Which song defined your teenage years?
Aidan: 'Is it Just Me?' by the Darkness.
Tom: Anything by Scooter.
Andy: 'Holiday' by Green Day.
Freddie: 'Beyond the Sea' by Bobby Darin.
Peter: Panic! at the Disco's album A Fever You Can't Sweat Out.
Mark: 'Mr Brightside' by the Killers. It brings back all the memories of being an awkward teen at school discos attempting, and failing, to flirt with the girls.
Ben: I'm not far from Sheffield, and about the time I shed trackies for jeans, the Arctic Monkeys burst into the world. It was real coming-of-age stuff for me, hearing songs in roughly my accent, singing about very, very British things. I also had a really niche love affair with Robert Randolph & the Family Band, an American quasi-Christian funk rock group (which isn't what I normally go for at all) because I think I once heard them on a Windows XP advert and fell completely, inexplicably, in love with them and their sound. 'I Need More Love' was on my iPod near constantly for years after that.
Jami: 'Open Your Heart' by Madonna or 'Give it Away' by Red Hot Chili Peppers.
John: Boston's 'More Than a Feeling'.

Which song will play at your funeral as the mourners troop out?
Aidan: 'The Throne Room' by John Williams from Star Wars: Episode IV – A New Hope. Have you ever heard such a victorious hope-filled song to go out on?
Tom: 'Bridge Over Troubled Water'. They'd be weeping!
Andy: 'Send Me on My Way' by Rusted Root.
Freddie: 'PM's Love Theme' by Craig Armstrong.
Peter: 'Father and Son' by Cat Stevens.
Mark: 'Mr Blue Sky' by ELO. It always brings a smile to my face when I hear it and always leaves me wanting more. That's the best way to go right? Always leave them wanting more.

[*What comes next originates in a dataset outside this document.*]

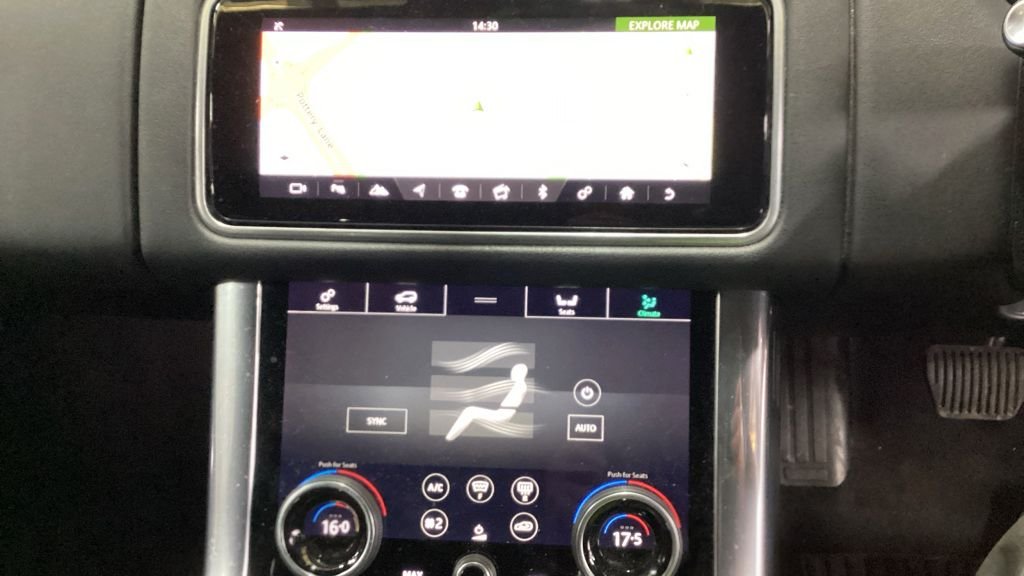 Used Land Rover Range Rover Sport 2018 for sale - 77521563: Photo 11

Ben: If there's no Elbow at my funeral then I will die. Oh wait …
Jami: I'd have to go for an extended version of 'Under the Sea' from The Little Mermaid. Possibly not the most appropriate but I friggin' love it. Would have to be with full steel-drum orchestra obvs.
John: 'You'll Never Walk Alone'. I'm a huge Liverpool fan, but besides that, I think the hopeful and positive message behind the song is beautiful.

Choir of Man, Assembly Rooms, Edinburgh, Thu 3–Sun 27 Aug (not Mon 14).